Excerpted data »
◆ ◆ ◆ ◆ ◆ ◆ ◆
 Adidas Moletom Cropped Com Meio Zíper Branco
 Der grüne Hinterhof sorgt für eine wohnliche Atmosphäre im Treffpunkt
◆ ◆ ◆ ◆ ◆ ◆ ◆
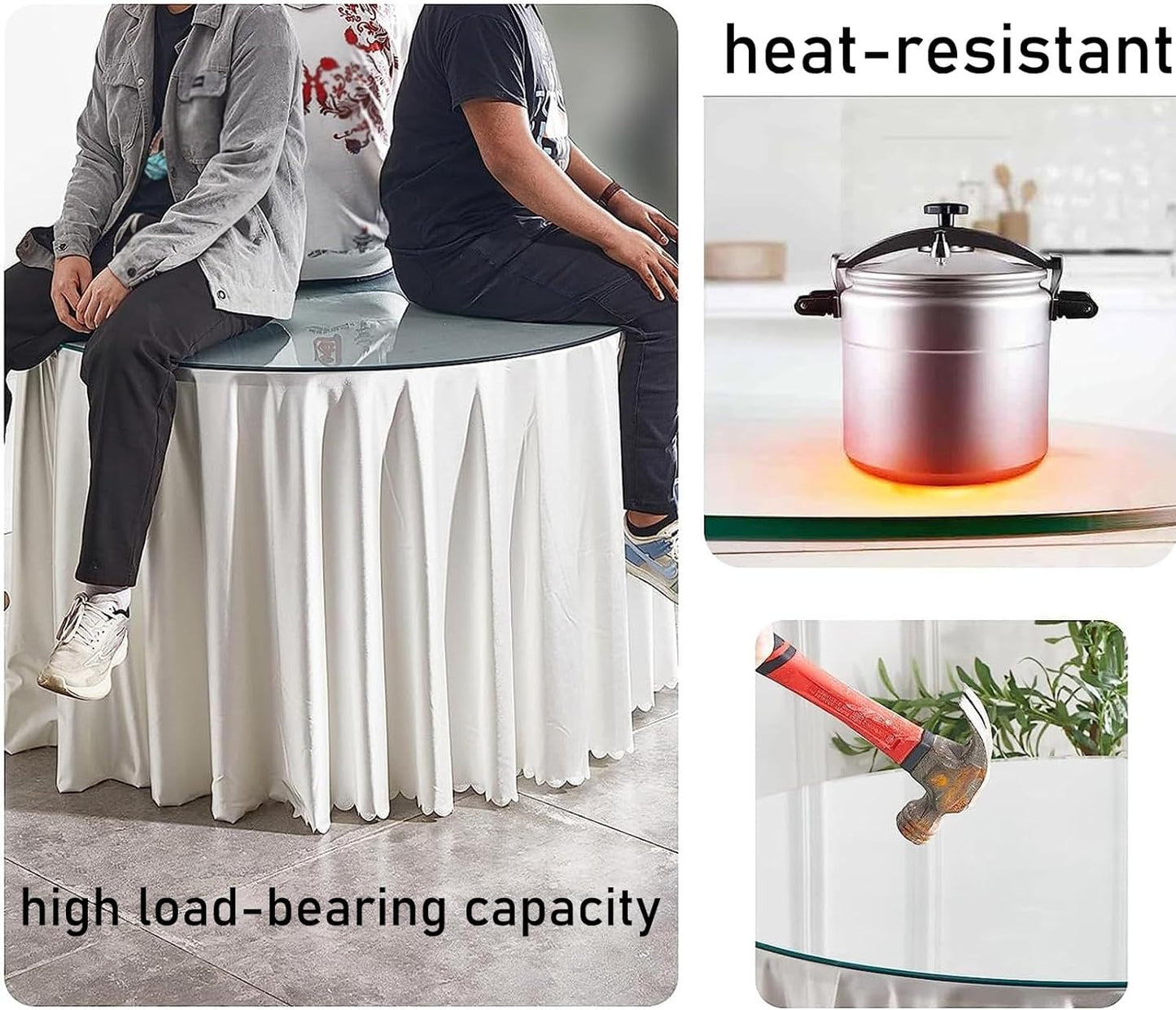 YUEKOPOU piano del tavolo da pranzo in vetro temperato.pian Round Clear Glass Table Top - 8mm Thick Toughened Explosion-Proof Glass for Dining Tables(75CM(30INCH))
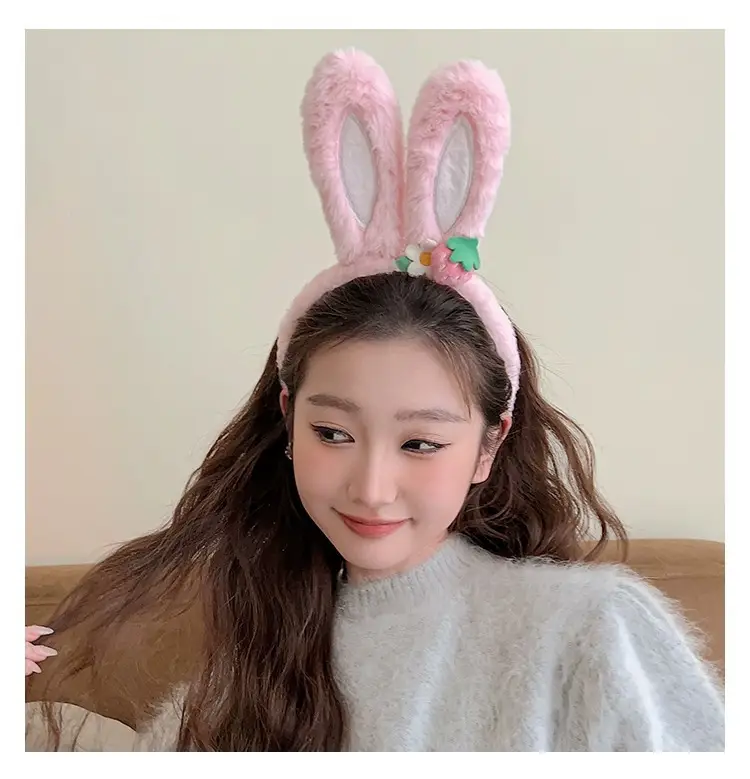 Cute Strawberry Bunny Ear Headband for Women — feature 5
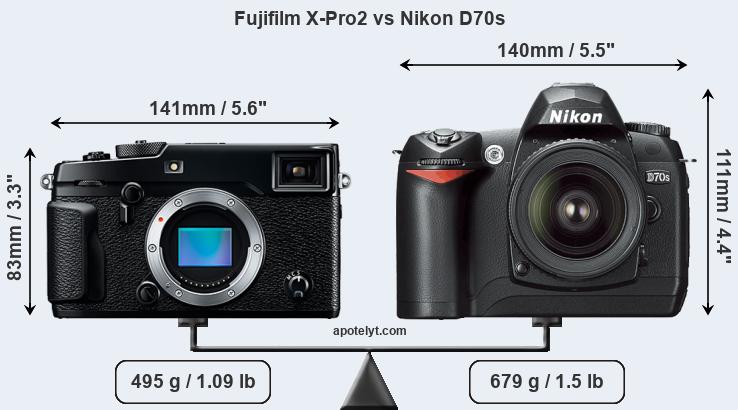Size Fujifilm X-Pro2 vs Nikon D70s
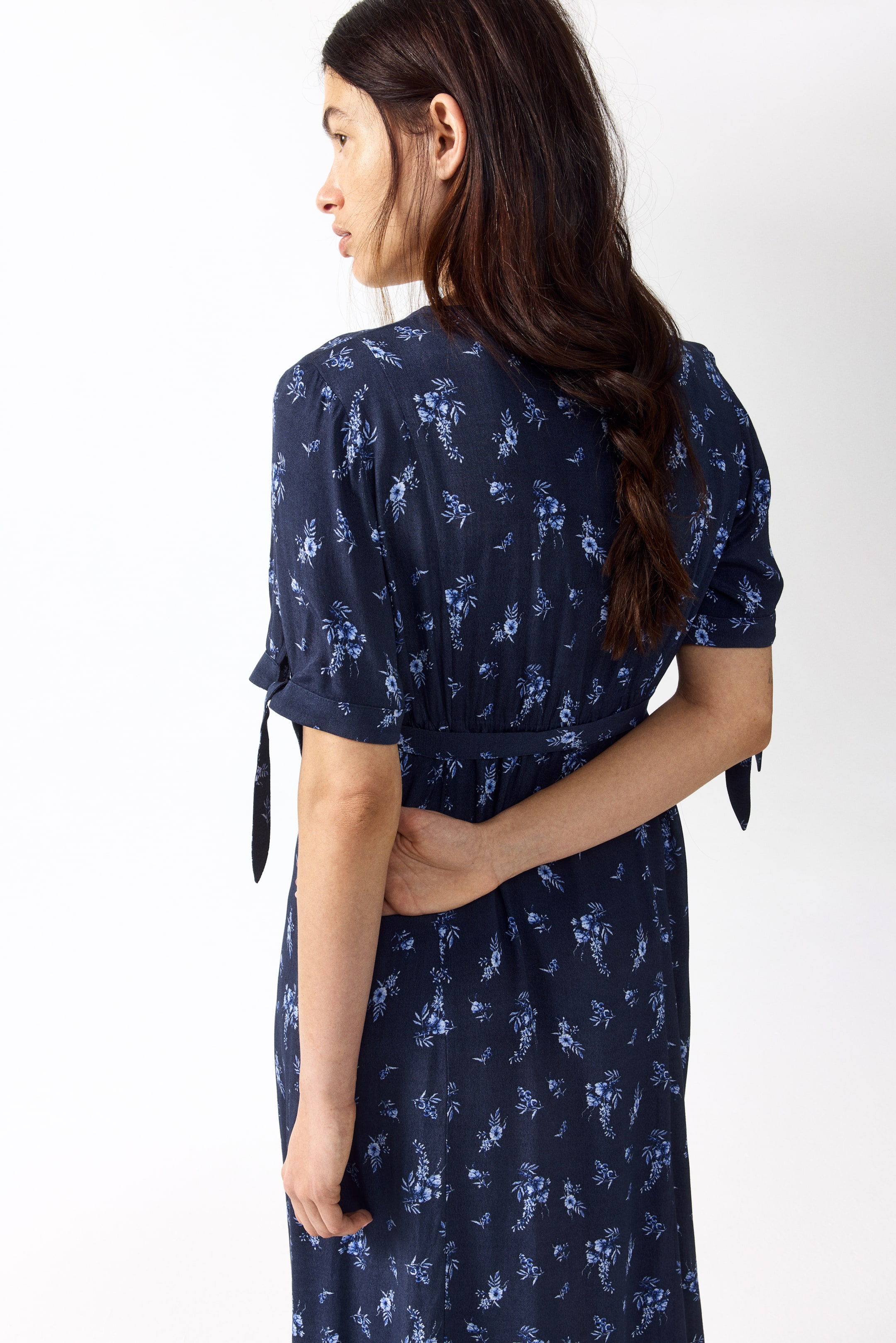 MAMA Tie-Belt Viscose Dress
◆ ◆ ◆ ◆ ◆ ◆ ◆
Exercise directions »
In the data above, take the line with "Size Fujifilm X-Pro2 vs Nikon D70s", the line with "MAMA Tie-Belt Viscose Dress", and every line between, and set them down exactly without pictures.

Answer to this task »
Size Fujifilm X-Pro2 vs Nikon D70s
 MAMA Tie-Belt Viscose Dress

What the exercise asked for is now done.